MTH 337 Homework #3 due 5pm Thursday, Feb 12

The whole thing to be submitted as a single "odt" or "sxw" document
(or pdf if you have to). Explicitly or implicitly include the
questions in your report, so that the report is self-contained.
 
1. Number searches
Write up the searches you did for
(i) a "Goldbach" ("dollar") number
(ii) a "Carmichael" ("prize") number 
Include descriptions of both the task, the process, and the results,
and include the Maple code used and its output, all formatted
in a clear and compact way.

2. Computer arithmetic
(i) Explain why it is important to have the use of (at least) two kinds
of computational number systems: one that is exact, using integers with
arbitrarily large numbers of digits, and another that is
approximate, using a fixed number of digits.

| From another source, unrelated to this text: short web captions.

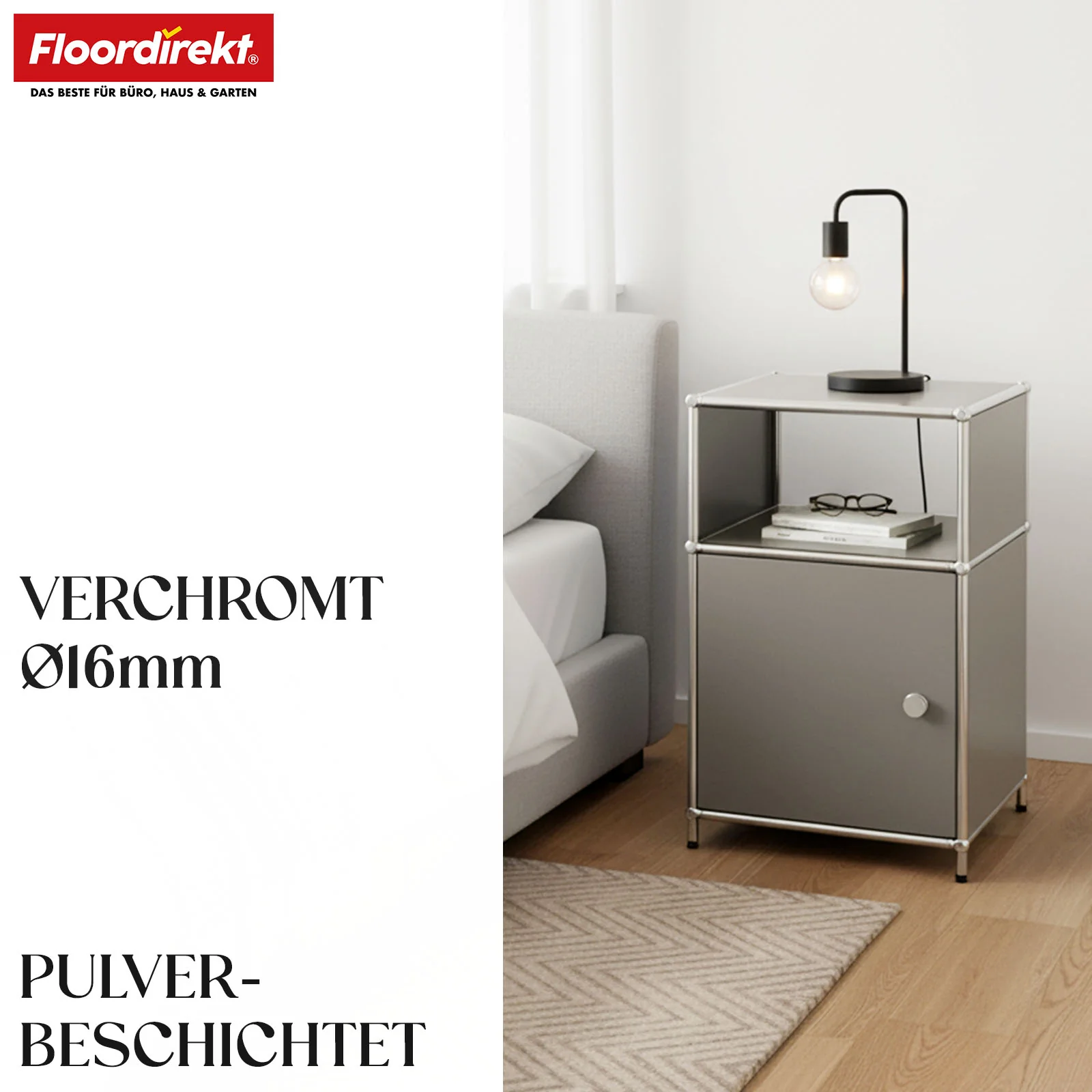 Metallregal | Concept Epure MK-040 | 3-stöckiges Aufbewahrungsregal mit Tür & & Ablageflächen | In mehreren Farben erhältlich - Image 27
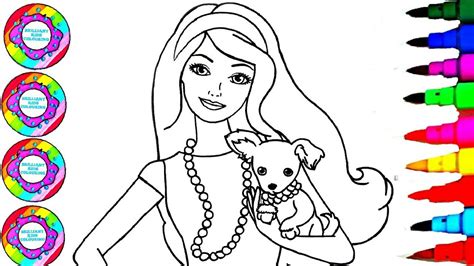 Colouring Drawings Barbie With Her Best Friend Puppy Dog With A Castle Coloring Pages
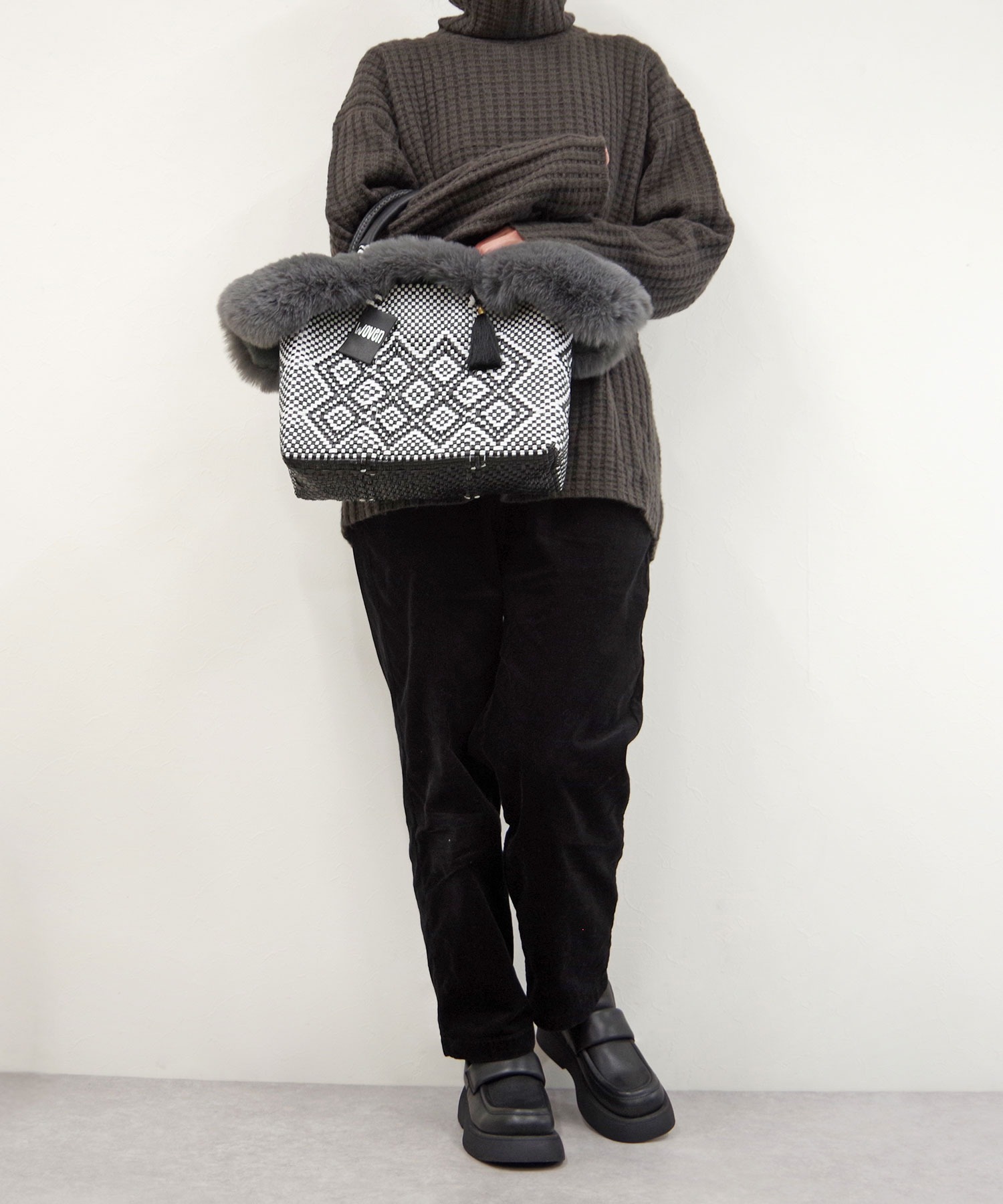 WOVEN (ウーヴン) / エコファーフラップカバー+バスケットバッグ 2点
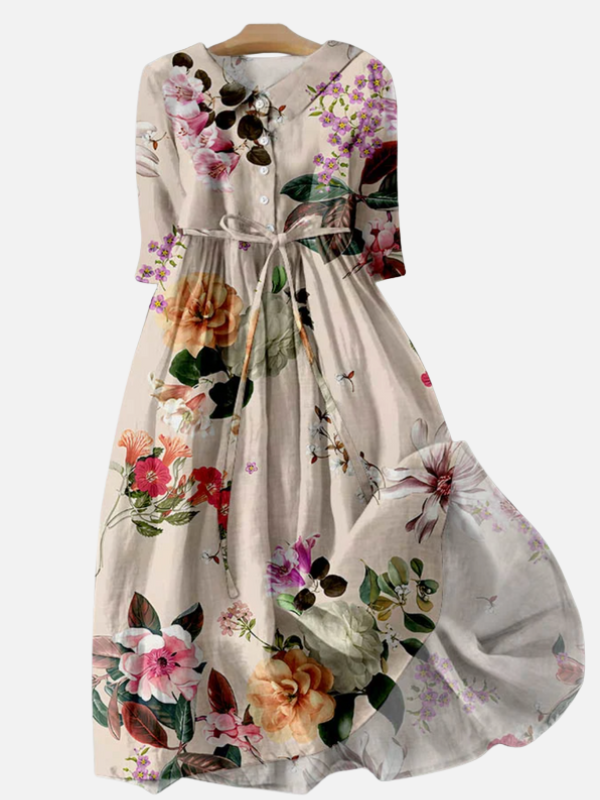 Carolina | Vestido Midi Floreado con Lazo Mujer
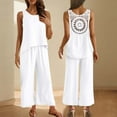 thumbnail image 3 of Dvprdro Fashion Solid Hollowout 2 Piece Oufits Sets for Women Casual Pajamas Sets Crew Neck Tank Top and Wide Leg Pants Lounge Sets White Sizes M, 3 of 5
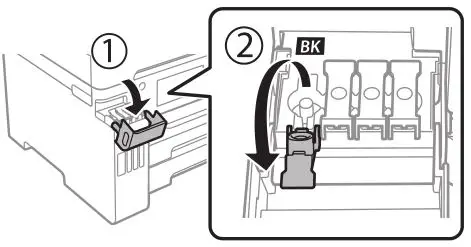EPSON Cartridge Refilling ET-5800 - Open the ink tank cover, then open the cap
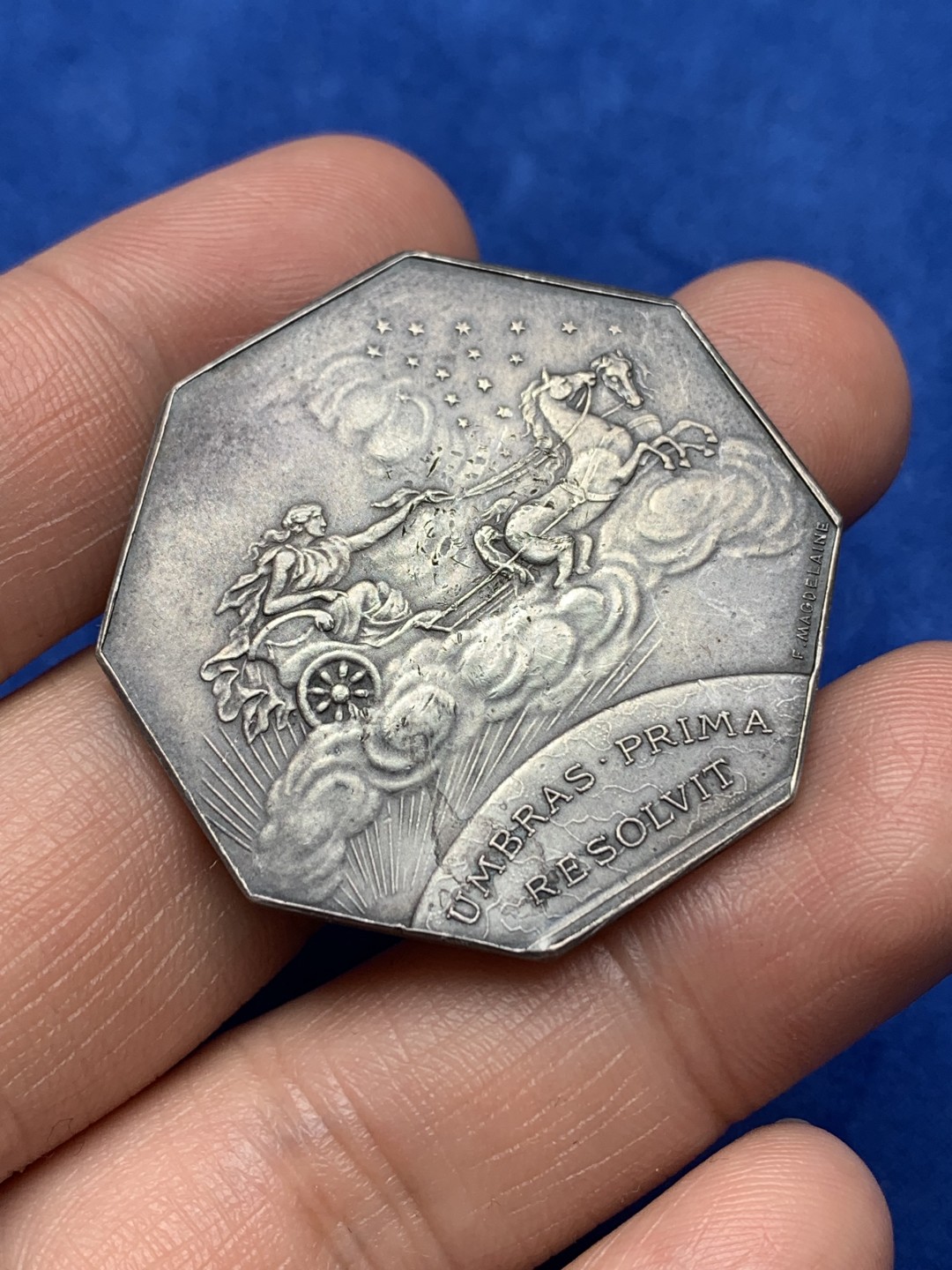 《竞宝斋》第157场-法国八角与章 专场！周日，周一，周四 3场 (全场包邮) 法国八角银质代币，一审代理人会议，经典的天马行空设计，22.68g，37.2mm，野猪头边铭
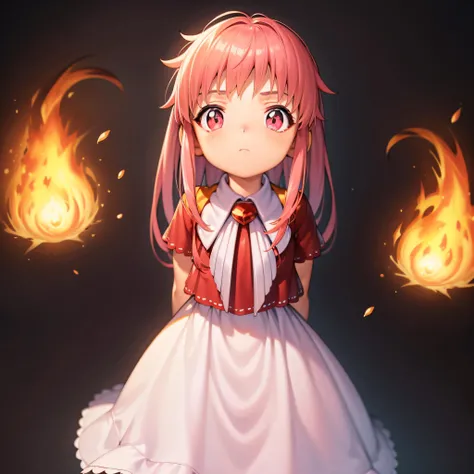 ((masterpiece, best quality)), 1girl,solo, child, tia, cowboy shot, long hair,pink eyes,pink hair, dress, <lora:Tia_ZatchBell_2-0606:0.6>, destroyed background, fire, arms behind back,
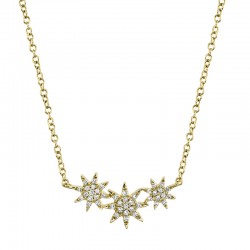 0.09Ct 14K Yellow Gold Diamond Star Necklace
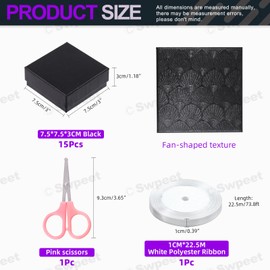 Swpeet 17Pcs 2.95 x 2.95 x 1.2Inch Black Fan Pattern Cardboard Jewelry Gift Boxes with Scissors and Polyester Ribbon Assortment Kit, Necklace Earring Bracelet Boxes Gift Case for Jewelry Storage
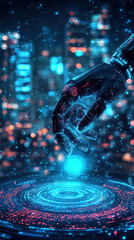 Poster - A hand is reaching out to touch a glowing blue ball. The image has a futuristic and technological feel to it, with the city in the background and the glowing ball in the foreground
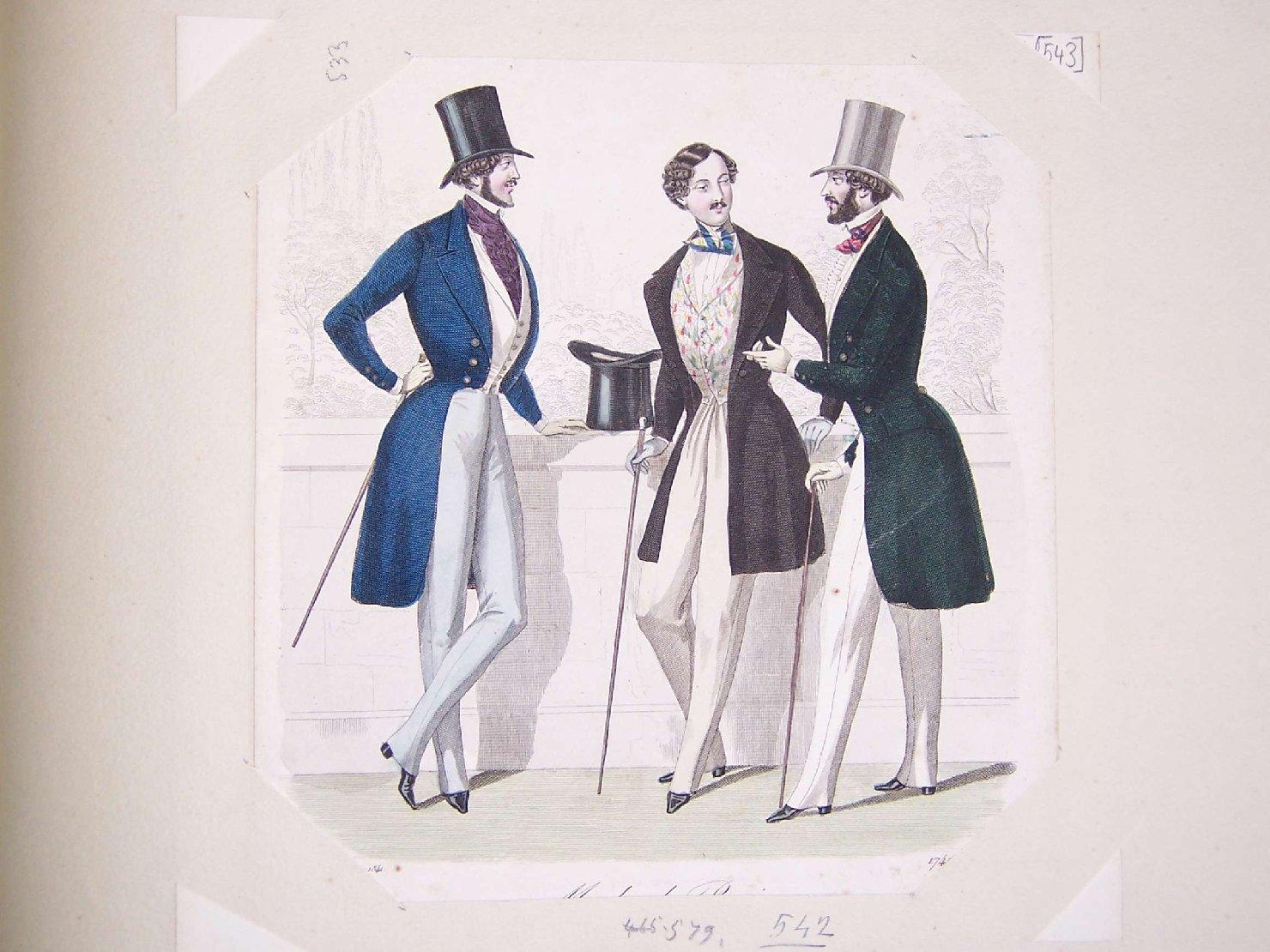tre modelli di abiti maschili (stampa) - ambito europeo (sec. XIX)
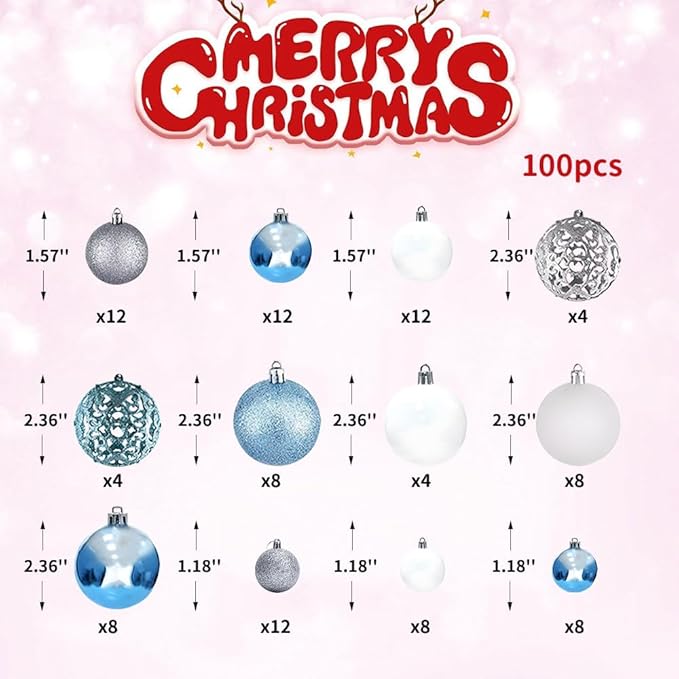 100-Pack Christmas Ball Ornaments for Tree,Shatterproof Plastic Holiday Baubles Set in Assorted Sizes and Finishes, Christmas Tree Decorations for Home, Office, Party, Indoor Outdoor Use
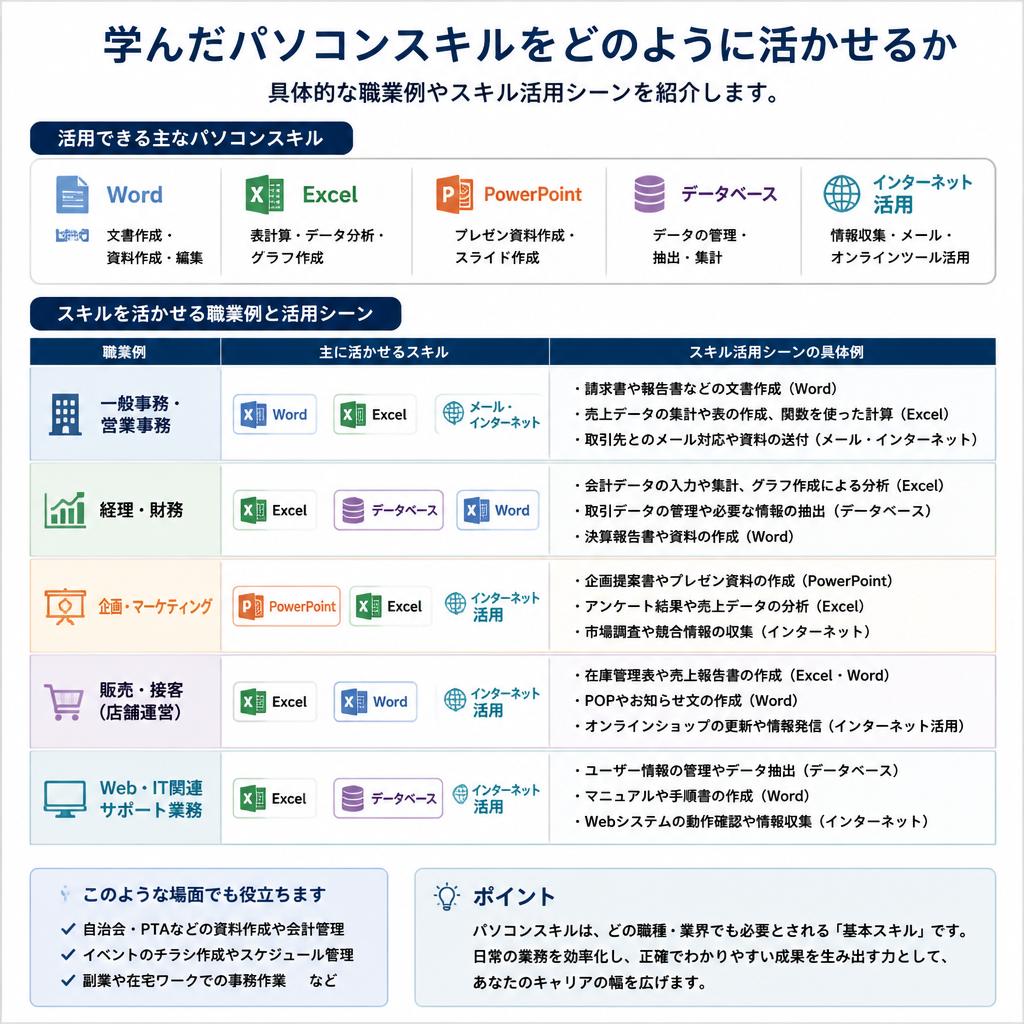 パソコンスキルの活用例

(ii) Supose a "floating-point" number system analogous to IEEE 64-bit
uses 32 bits: 1 for sign, 23 bits for the mantissa, and 8 bits for
the biased exponent, and the exponent bias is 127.
Also suppose the highest exponent code is reserved for non-numbers
such as "infinity" (e.g. resulting from doing 1/0) or "undefined" (e.g.
resulting from doing 0/0), and the two codes with all zeros in both mantissa
and exponent are re-purposed to represent "0",
what are, rounded to the nearest power of 2 and also expressed as
in decimal scientific notation,
(a) the largest positive number represented?
(b) the smallest positive number* represented?
(c) the relative spacing of the numbers (machine epsilon)?


*In case you start reading up on this, we will assume for
simplicity that there is no "denormalization".